TC: Retaining employees is a challenge that some newly public companies worry about. How will you address this in the coming days and months as lock-up periods expire?

MZ: I’m so proud of where we are today and of our whole team, and we’re just getting started. [Matthew and I will] show up Monday morning and get back to work and so will our employees, because they want to make the company [an even greater business].

TC: The company went public with a dual-class structure that gives not just management but all employees 10 times the voting rights of the shares sold to the public. Why was this structure important to Cloudflare, and did it give investors pause?

MZ: There are more than 1,000 people around the world who are building the product and working with customers, and we think it’s important for them to have that 10:1 structure, so it’s something we put in place a few years ago with the encouragement of some of our earlier investors.

TC: Were you modeling this after another company? Is there a precedent for it?

MZ: I don’t know of another one — there may be — but we weren’t inspired by another company. We just felt passionately about this being the right corporate structure and [I don’t think it was harder for us to tell the story of Cloudflare because of it]. Over the last two weeks, in talking with investors across the world, it wasn’t in the top 10 topics that came up, so I think we did a good job of describing it in our S-1.

TC: What was the roadshow like? What surprised you most?

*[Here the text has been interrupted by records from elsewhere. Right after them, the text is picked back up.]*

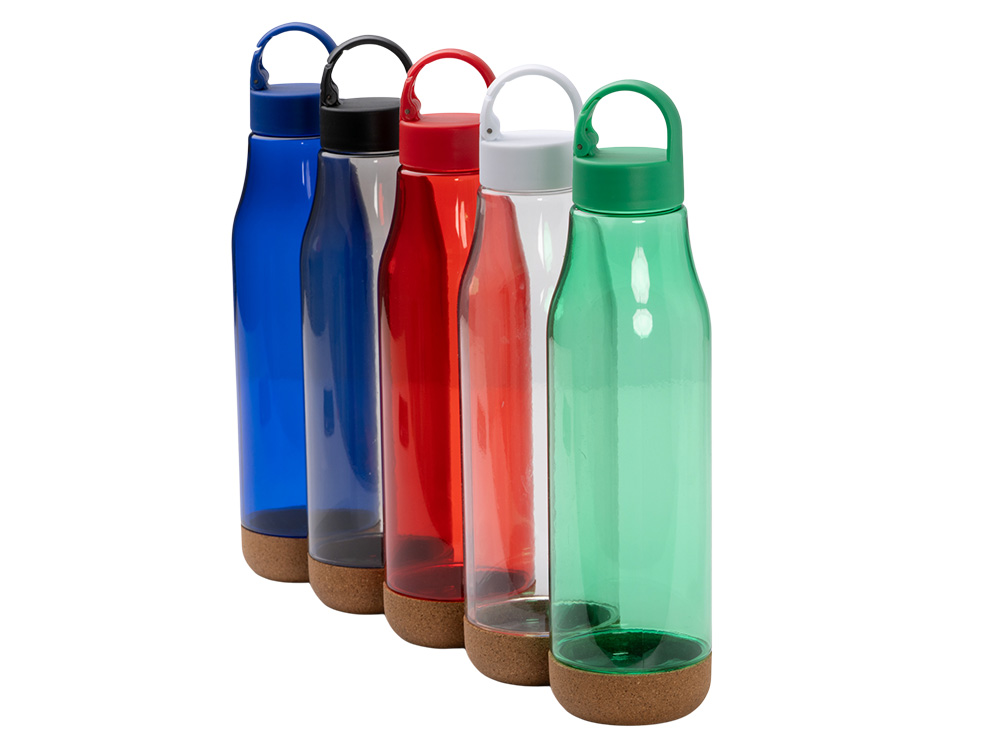 Бутылка Basti с пластиковым корпусом и пробковым дном, красный Бутылка Basti с пластиковым корпусом и пробковым дном, красный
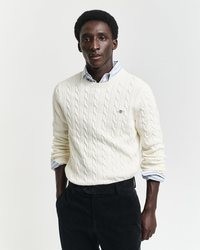 hellbeige bestickter Strickpullover von Gant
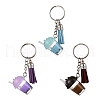 3Pcs Faux Suede Tassel & Imitation Bubble Tea/Boba Milk Tea Resin Keychain KEYC-JKC01203-2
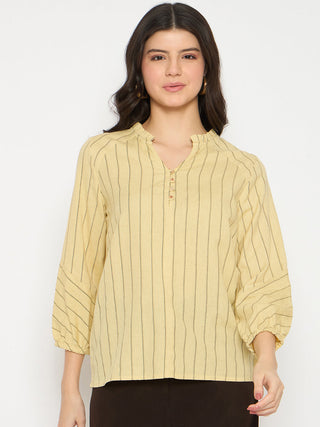 Madame Striped Split Crew Mustard Yellow Top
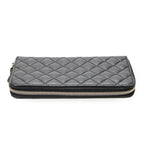 Wallet CC Zip Around Wallet Black Quilted Lambskin Leather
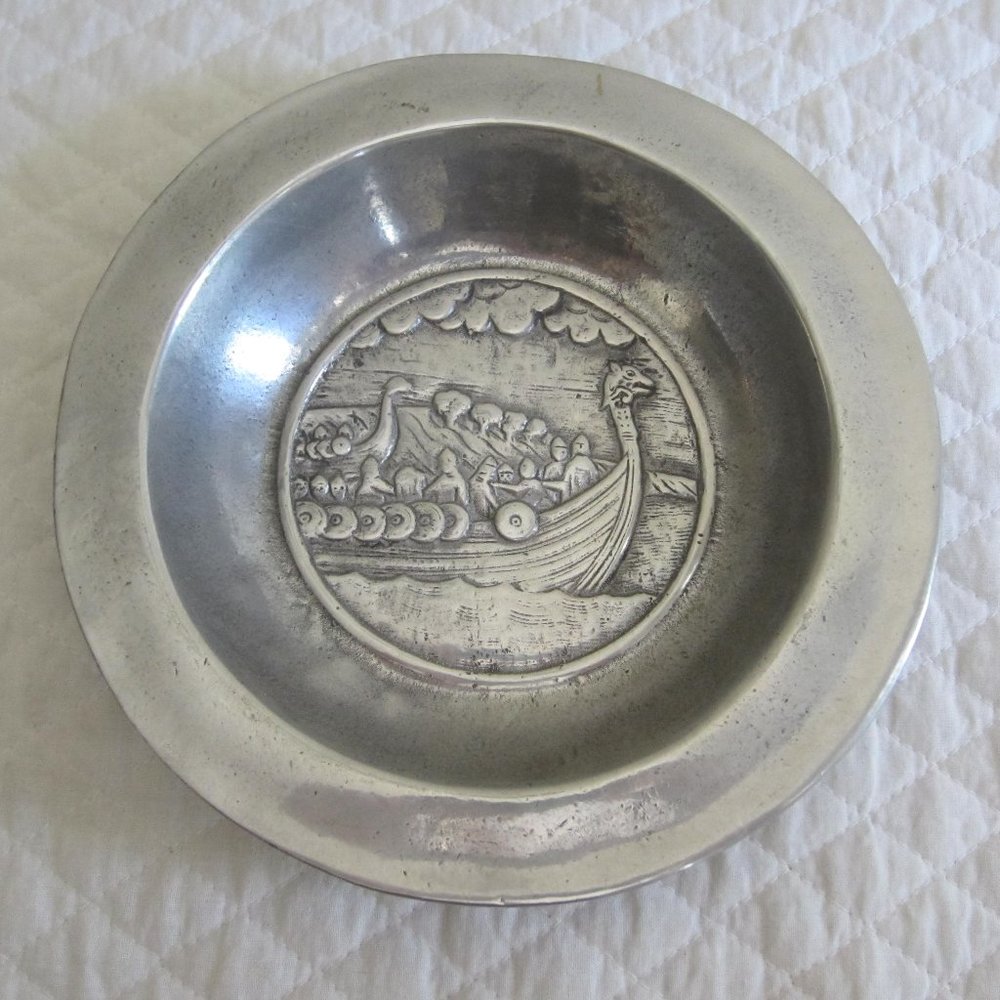 Viking Ship Decorative Silver Bowl Made In Norway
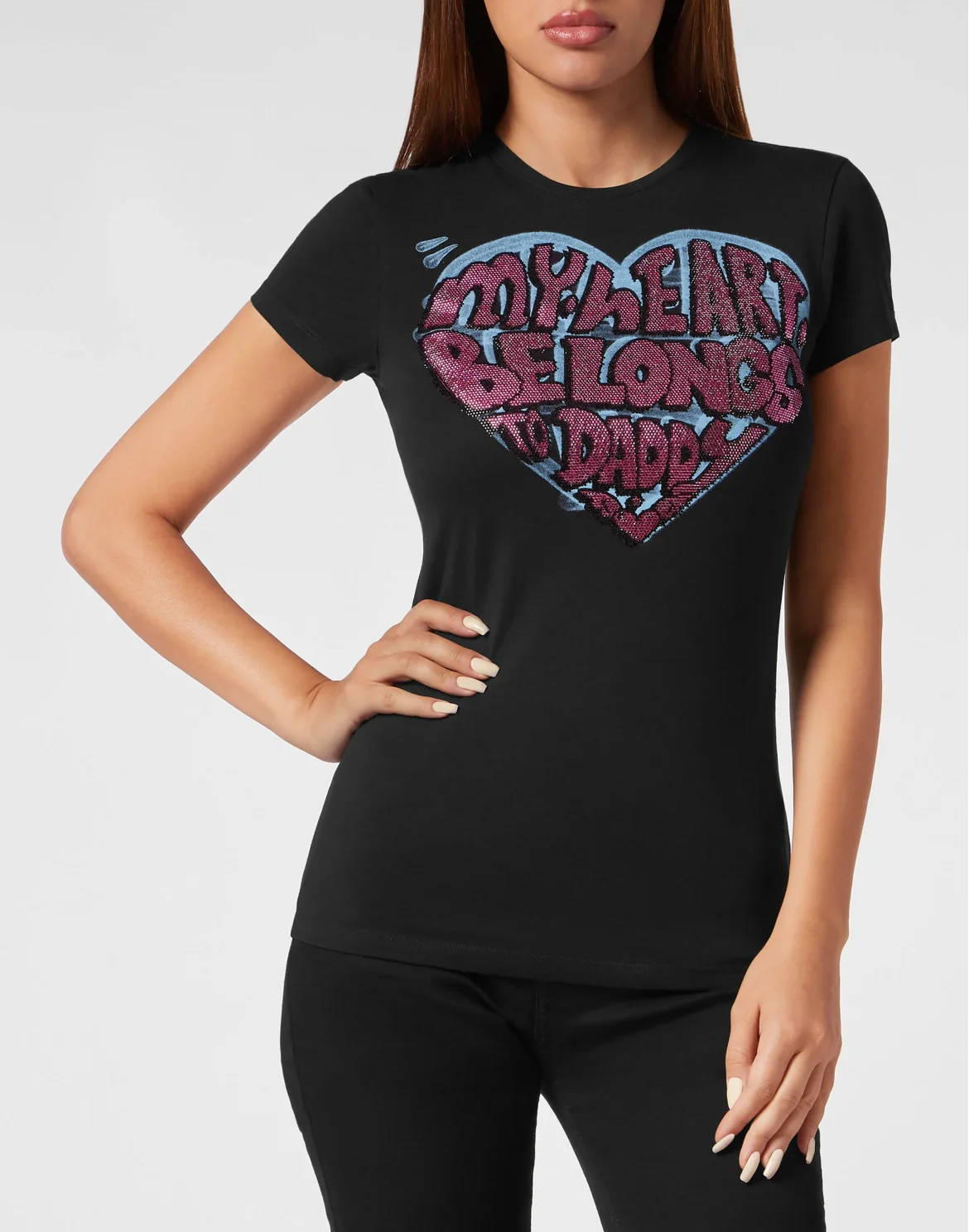T-Shirt Sexy Pure with Crystals, цвет: Черный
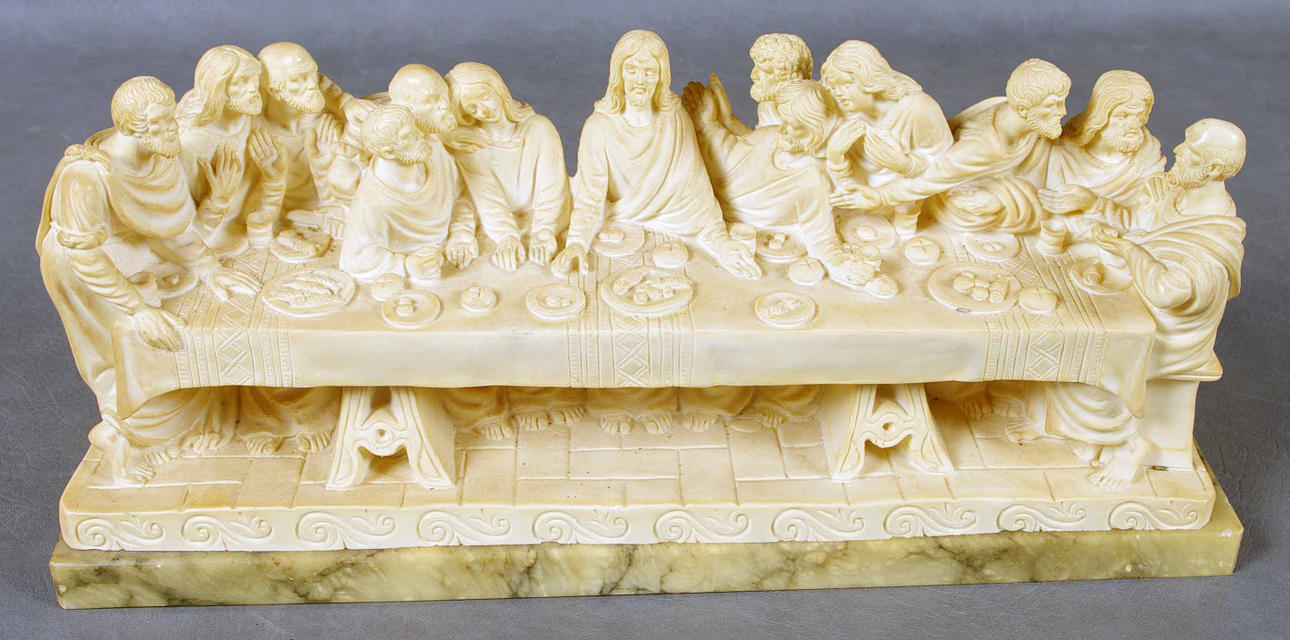 SKULPTUR, nattvarden, marmor/konstmassa.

MZ: Don’t get me wrong, there’s a ton of work involved from all kinds of people, in finance, our legal teams … But roadshows have a bad rap in that people think they’re grueling and that, by the end, you’ll be exhausted. That was my expectation. But it was really fun. It was a huge privilege to represent Cloudflare to all these investors who were incredibly smart and well-prepared. We traveled all over and people told us ‘You look better than most teams.’

TC: Where does one go for these roadshows?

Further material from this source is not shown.